- Born: Lagos, Nigeria
- Education: University of West London
- Occupation: Cinematographer;
- Years active: 2005–present
- Website: directedbysesan.com

= Sesan (video director) =

Nigerian cinematographer (b. 1983)

Sesan Ogunro Jr. (born 11 January 1983) is a Nigerian music video director based in the United Kingdom, often credited for his work as Sesan. He has directed music videos for Afrobeats genre artists such as D'Banj, Wizkid, Tiwa Savage and Davido.
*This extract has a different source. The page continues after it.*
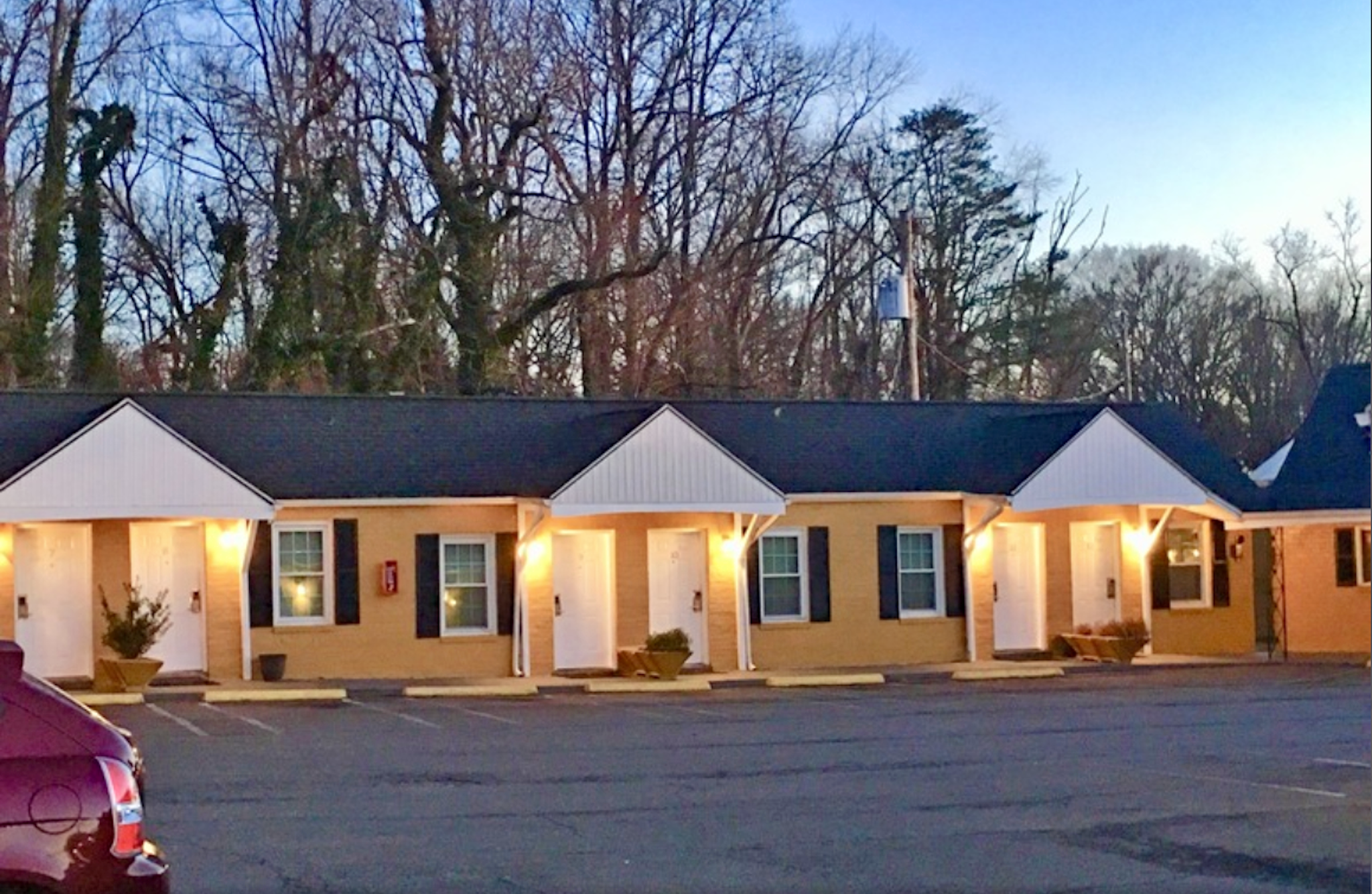 Red Carpet Inn Alexandria, VA 1/15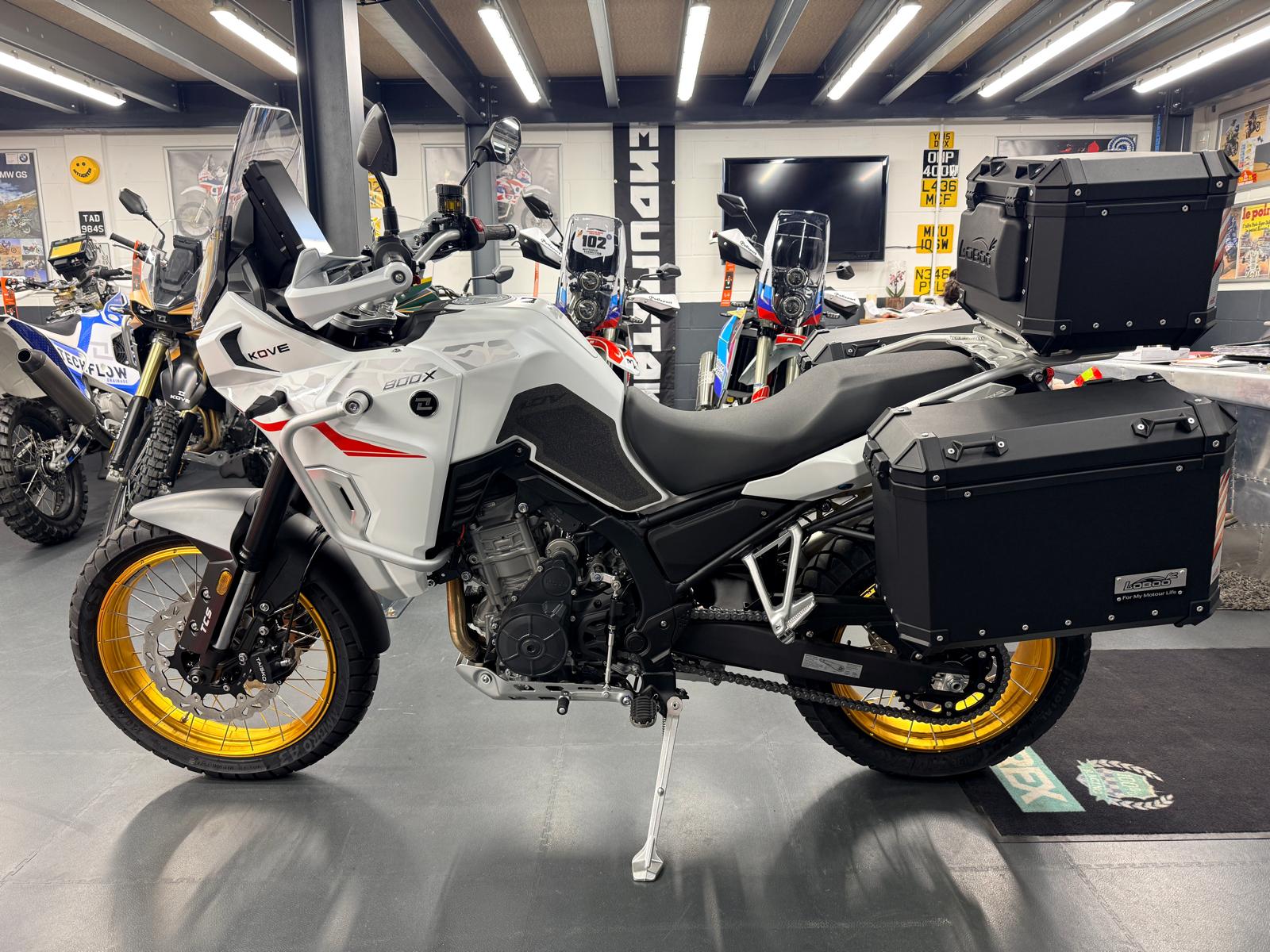 800X Adventure Touring (799cc) 2026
He is the CEO of Film Factory Nigeria, a video production company in Lagos; and Film Factory South Africa, in Johannesburg.

==Early life==
Sesan spent his early childhood in his birthplace Lagos, Nigeria before moving to the UK with his family, where he attended secondary school in London.

He graduated with a degree in 3D Animation and Visual effects from the University of West London.
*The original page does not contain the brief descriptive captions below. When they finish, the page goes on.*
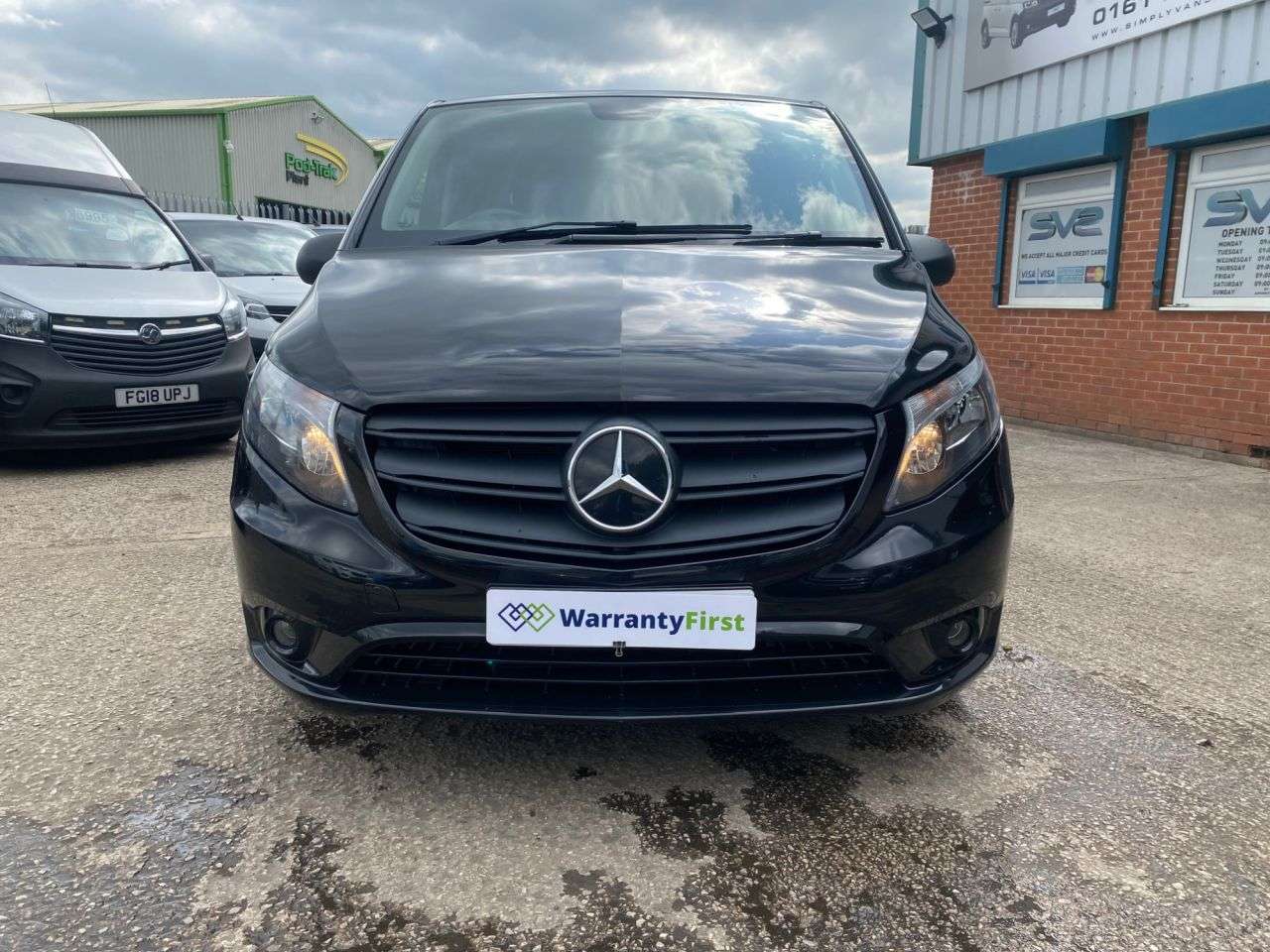 A 2021 MERCEDES-BENZ VITO CREW CAB 5 SEATER VAN 114 2.0 CDI AUTO G-Tronic RWD L2 EURO 6 (LWB) (136bhp A 2021 MERCEDES-BENZ VITO CREW CAB 5 SEATER VAN 114 2.0 CDI AUTO G-Tronic RWD L2 EURO 6 (LWB) (136bhp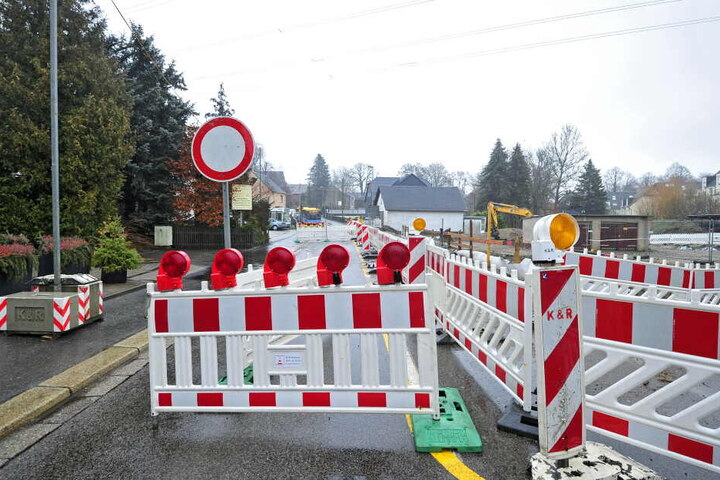 Nichts geht mehr: An solche Sperrschilder werden sich die Röhrsdorfer in den kommenden Wochen gewöhnen müssen.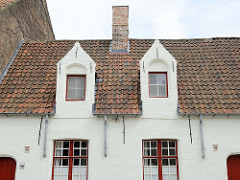 Wohnhäuser, Godshuizen / Gotteshäuse in der Boeveriestraat von Brügge - Sozialwohnungen, im 14. Jahrhundert von reichen Bürgern oder Gilden für Arme, Alte oder Witwen errichtet.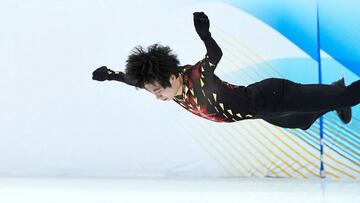 El chino Jin Boyang 'vuela' sobre el hielo de Beijing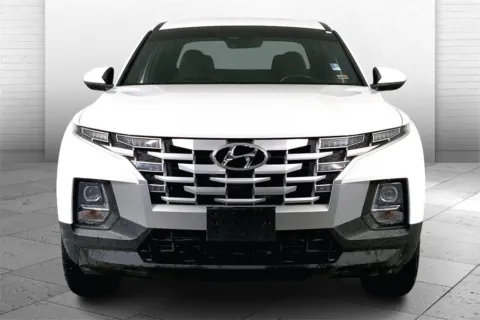 Photos of 2023 Hyundai Santa Cruz SE for sale in Lee's Summit, MO at Cable Dahmer Kia of Lee's Summit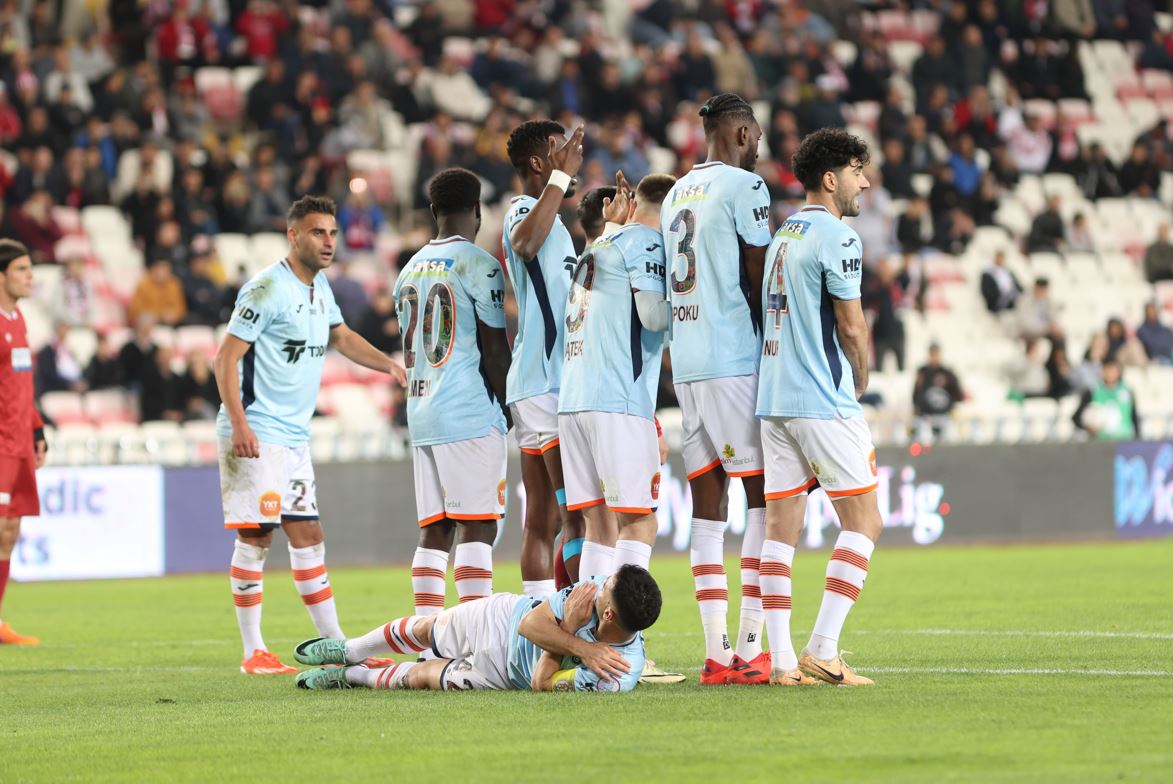 Başakşehir- Göztepe maçı ne zaman, saat kaçta? Başakşehir - Göztepe maçı hangi kanalda?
Sesan was inspired by his late father and namesake Sesan Ogunro Sr., who ran Eminent Communications, one of the largest advertising agencies in Lagos until his death in 2013.

==Career==
After university, Sesan pursued film projects in the UK urban underground scene through his co-owned production company, Mastermind Promotions which paved the way for him to branch into the mainstream arena. In 2005 he took on the role as the Head of Post Production with global advertising agency, McCann Erickson, London.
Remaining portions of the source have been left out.